The principal activities of Entity X are to assist the interests of business members and contributors via representation and advocacy to Government and policy makers.
Entity X provides programs, information and support to both members and non-members, to ensure a diverse and robust business community. Entity X is committed to being the most trusted advocate for its members.
Entity X is able to achieve its aim through the provision of the services it offers.
Entity X is currently an unincorporated, registered Employer Association under the Fair Work (Registered Organisations) Act 2009 (Fair Work Act).
Entity X currently self-assesses its income tax exempt status under item 3.1 in section 50-15 of the ITAA 1997, as an employer association registered under the Fair Work Act.
Entity X is seriously contemplating restructuring its operations and transferring its operations to a new corporate structure, specifically:
• registering as an incorporated association, and
• subsequently registering as a company limited by guarantee.

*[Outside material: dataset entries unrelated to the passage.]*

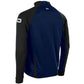 Stadio Full Zip Top - Navy-Black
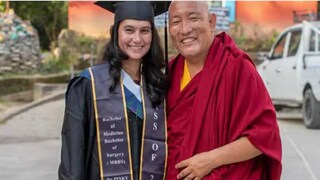 তরুণী পিঙ্কি হরিয়ন এখন ডাক্তার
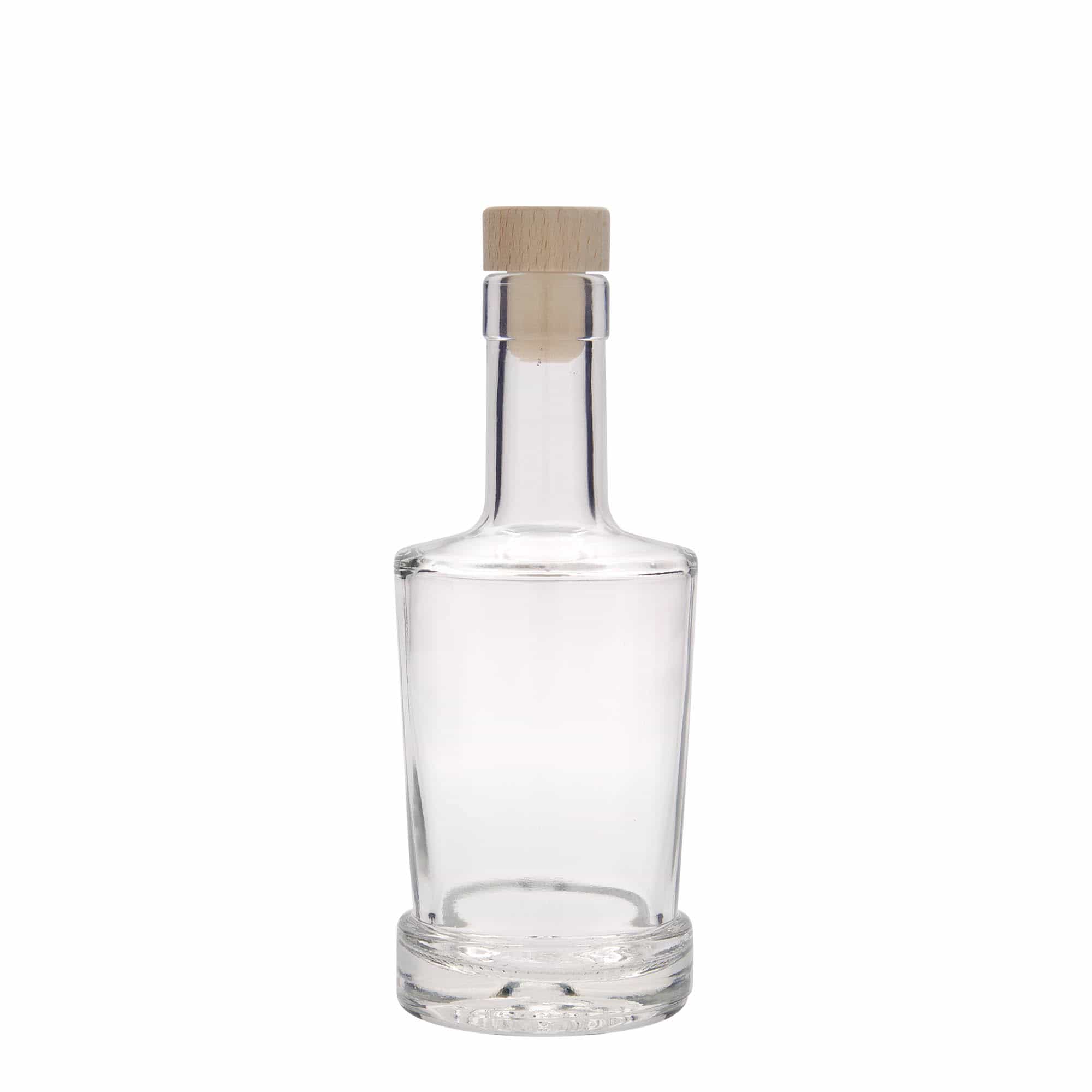 250 ml Glasflasche 'Deborah', Mündung: Kork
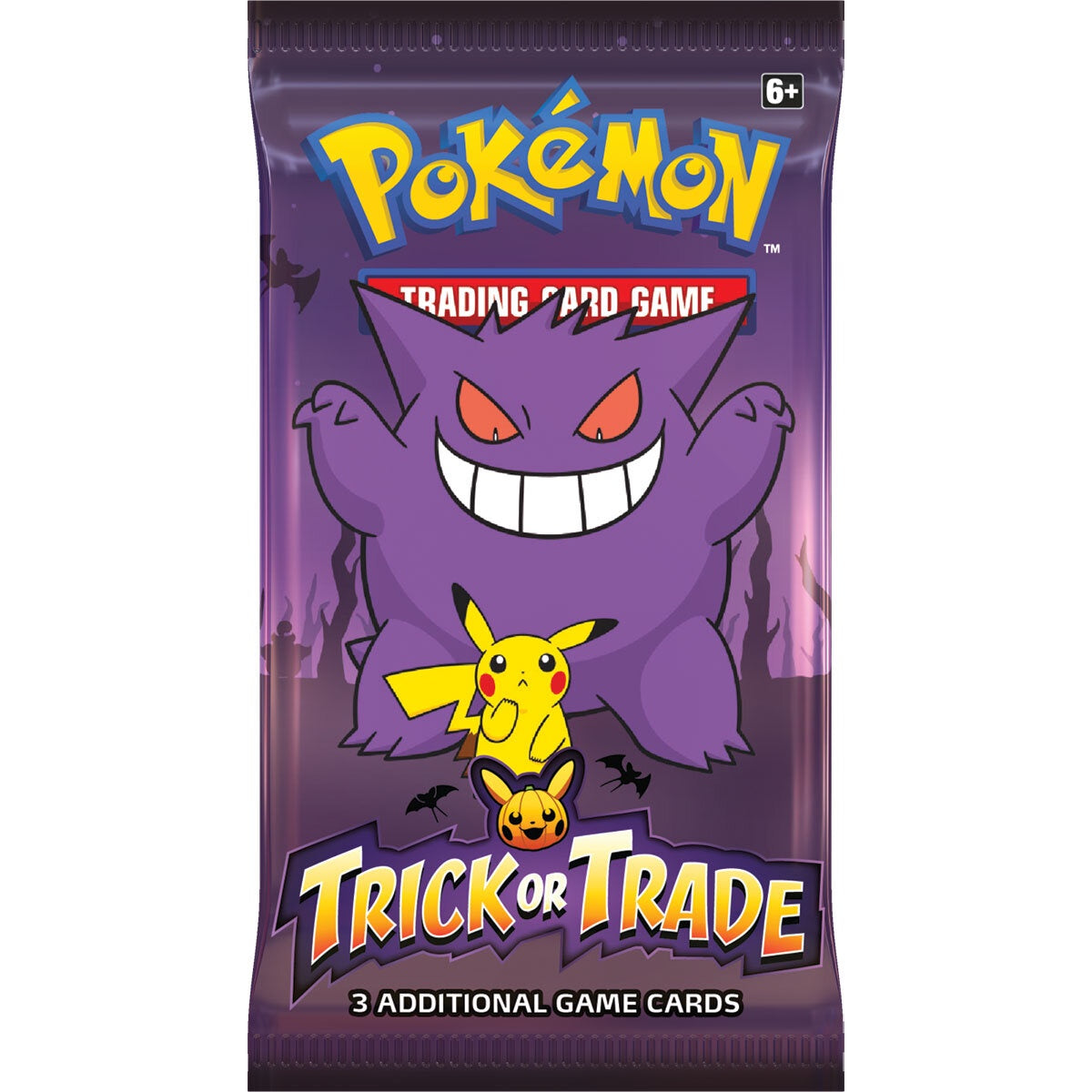 Pokemon Trick or Trade Trading Card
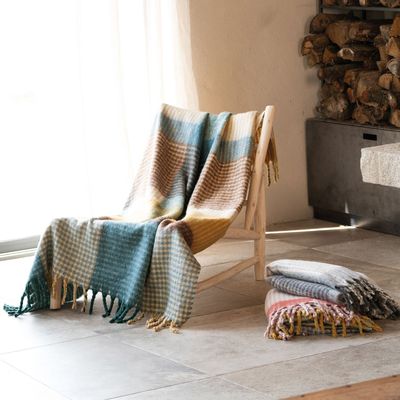Throw blankets - SCOTTISH - DECHELETTE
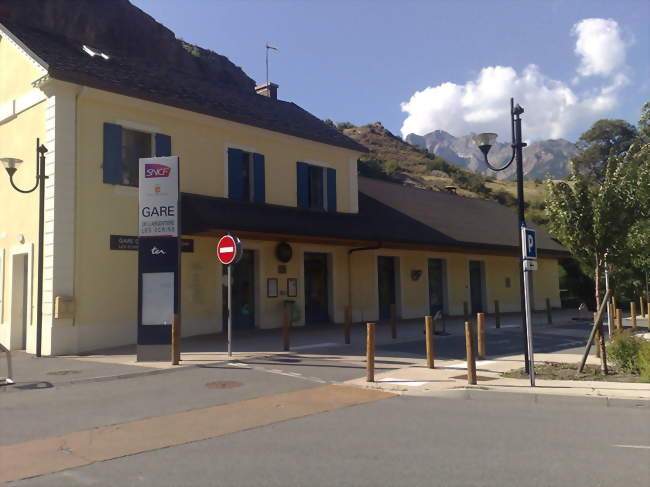 La gare de L'Argentière-les Écrins - L'Argentière-la-Bessée (05120) - Hautes-Alpes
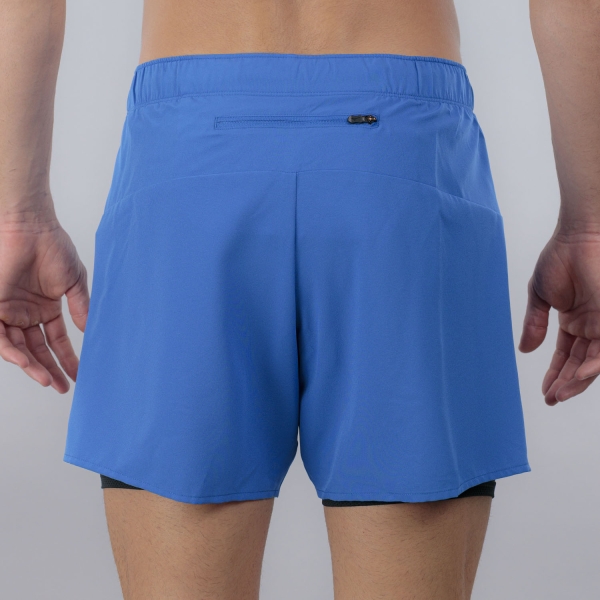Mizuno Core Pro 2 in 1 5.5in Shorts - Princess Blue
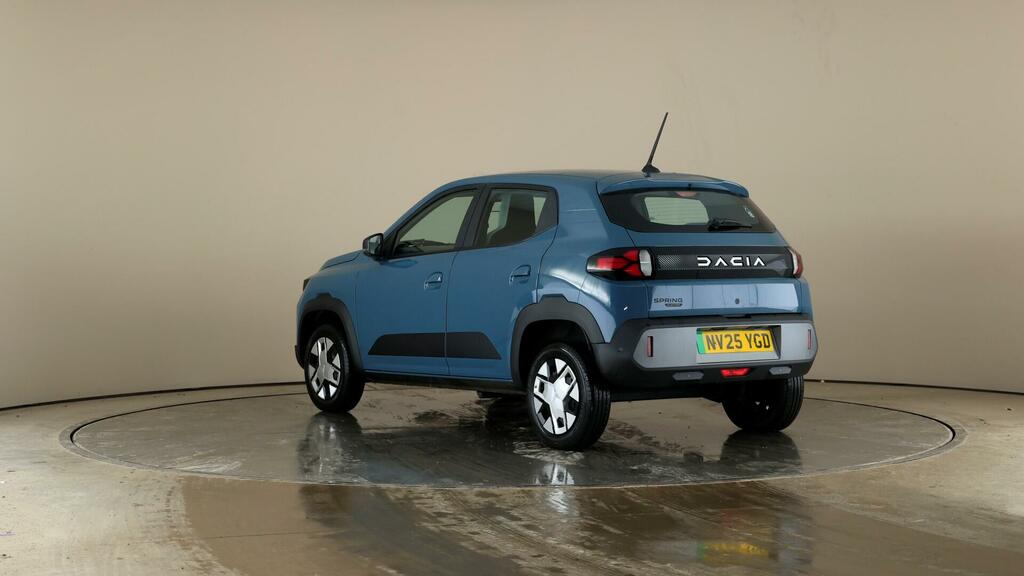 Dacia Spring Hatchback Beige #10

(collectively, the Restructure)
The Restructure is being contemplated as a means of ensuring that Entity X is at all times represented by a Board that shares its vision. The current structure and the requirements of the Fair Work Act at times makes this difficult to achieve.
The services being offered currently by Entity X will be continued to be offered in the new structure.
Entity X is aware that once it is no longer registered as an Employer Association under the Fair Work Act it will no longer be able to self-assess its income tax exemption under section 3.1 in section 50-15 of the ITAA 1997.
As part of this proposed restructure, Entity X has amended and updated its Rules (the Proposed Rules) and Constitution (Amended Constitution).
It outlines its objects, not-for-profit clauses, membership and winding-up clauses.
Entity X is currently not and is not intending on being registered with the Australian Charities and Not-for- profits Commission) (ACNC).
Relevant legislative provisions
Income Tax Assessment Act 1997 section 50-1
Income Tax Assessment Act 1997 section 50-40
Income Tax Assessment Act 1997 section 50-47
Income Tax Assessment Act 1997 subsection 995-1(1)
Reasons for decision
Unless otherwise stated, all legislative references are to the Income Tax Assessment Act 1997.
Question 1
Summary
Entity X will satisfy the requirements under item 8.2 of the table in section 50-40 such that the total ordinary and statutory income of Entity X will be exempt under section 50-1 once Entity X has restructured its affairs into a new legal structure specifically by registering as an incorporated association.
Detailed reasoning
The ordinary and statutory income of an entity is exempt under section 50-1 where the entity falls within the following description contained in item 8.2 of section 50-40:
A society or association established for the purpose of promoting the development of any of the following Australian resources:
(a) agricultural resources
(b) horticultural resources
(c) industrial resources
(d) manufacturing resources
(e) pastoral resources
(f) viticultural resources
(g) aquacultural resources
(h) fishing resources
The exemption is subject to the special condition in item 8.2 of section 50-40, that the society or association is not carried on for the profit or gain of individual members.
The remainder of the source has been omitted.